* **INFORMATION SHOWN**:
•••••
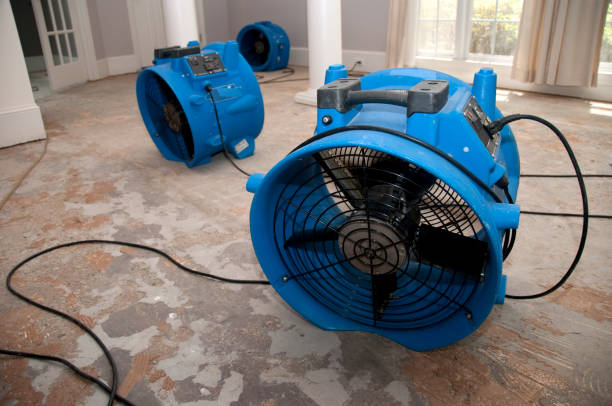 Best 24/7 water damage repair  in Soh Salt Lake, UT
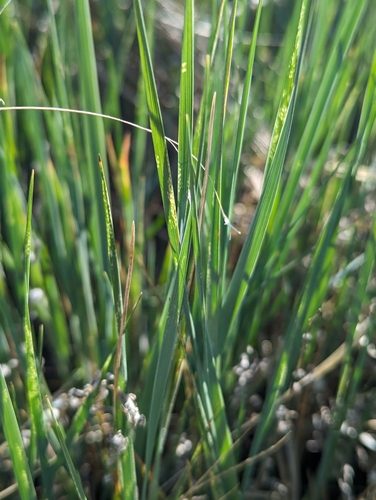Image of Elymus smithii by (c) Eric Watts, some rights reserved (CC BY)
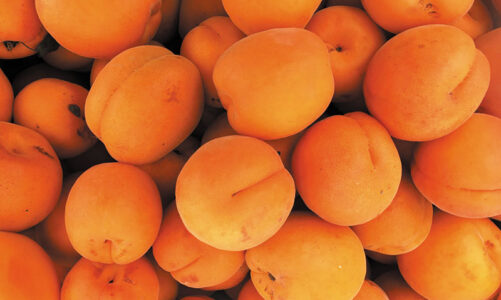 Plans underway for Farmer’s Market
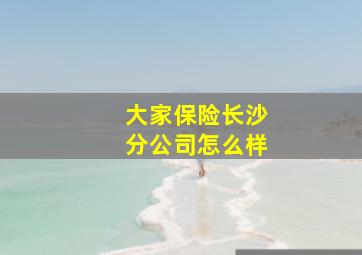 大家保险长沙分公司怎么样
•••••
* **PROBLEM TO WORK ON**: Exact copy required, pictures excluded: the lines from the one holding "Image of Elymus" through the last line of the data, both ends included.

* **YOUR SOLUTION**:
Image of Elymus smithii by (c) Eric Watts, some rights reserved (CC BY)
 Plans underway for Farmer’s Market
 大家保险长沙分公司怎么样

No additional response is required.